Bentuk penjajahan berupa serangan dari dalam diri adalah hadirnya nafsu dengan berbagai macam bentuk dan rupanya. Serangan itu bisa berupa godaan harta, kedudukan dan jabatan, juga nafsu terhadap lawan jenis.
Banyak di antara kita, atau mungkin diri kita yang masih belum merdeka, belum terbebas dari penjajahan dalam beragam bentuk godaan yang penulis sebutkan tadi. Ya, tidak sedikit di antara kita yang terus menerus dijajah dan dikuasai oleh nafsu menumpuk kekayaan dengan cara yang tidak dibenarkan. Terbukti, tindak pidana korupsi dari tingkat elit hingga tingkat kroco masih terus terjadi.

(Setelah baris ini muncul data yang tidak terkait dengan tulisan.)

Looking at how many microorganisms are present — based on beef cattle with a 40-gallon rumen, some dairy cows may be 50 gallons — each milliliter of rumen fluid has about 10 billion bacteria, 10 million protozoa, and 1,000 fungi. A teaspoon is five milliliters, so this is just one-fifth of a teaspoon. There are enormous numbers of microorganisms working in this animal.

Penjajahan dalam bentuk ambisi dan hasrat berkuasa juga masih kita jumpai. Banyak yang terus menerus berusaha untuk mendapatkan posisi tertentu dengan beragam cara yang tidak jarang melanggar ajaran agama dan norma-norma sosial.
Serangan bertubi-tubi juga dilancarkan oleh nafsu dalam bentuk hasrat seksual terhadap lawan jenis. Tidak sedikit di antara kita yang tak kuasa menahan hasrat yang satu ini. Imbasnya, perzinahan kian marak. Perselingkuhan menjadi-jadi. Sakralitas pernikahan sudah tak berdaya lagi dan hilang entah kemana.

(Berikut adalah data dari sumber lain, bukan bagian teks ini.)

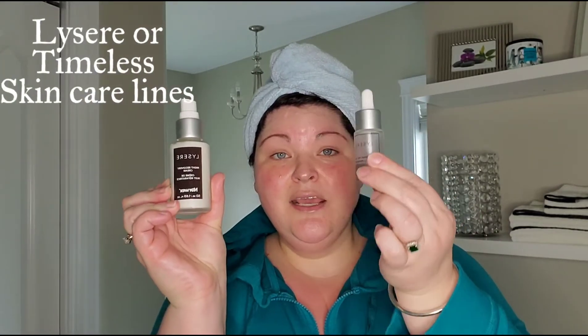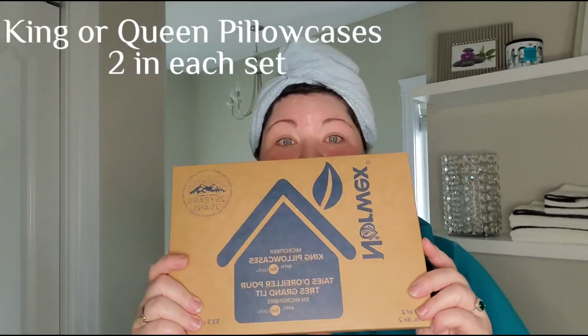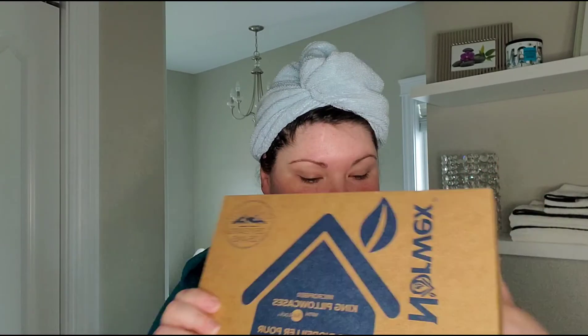We have our Lissere skincare line — the illuminating cream, the eye cream, and the body scrub, or the back scrubber. We also have pillowcases that are so luxurious. They've got that BacLock technology, so it helps your skin by not having bacteria on your pillow, and it also helps with acne for those that deal with that.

Dari kenyataan tersebut, kita patut sekali lagi mengajukan sebuah pertanyaan, sudahkah kita benar-benar merdeka?
Semoga kemerdekaan bangsa dan negara yang kita rayakan saat ini, menjadi titik tolak kemerdekaan diri kita atas segala bentuk penjajahan dari dalam diri.
Hanya dengan menyembah, menghamba, dan mengabdi kepada Allahlah kita akan benar-benar merdeka. Inilah makna kemerdekaan yang sesungguhnya.
Ruang Inspirasi, Rabu, 18 Agustus 2021.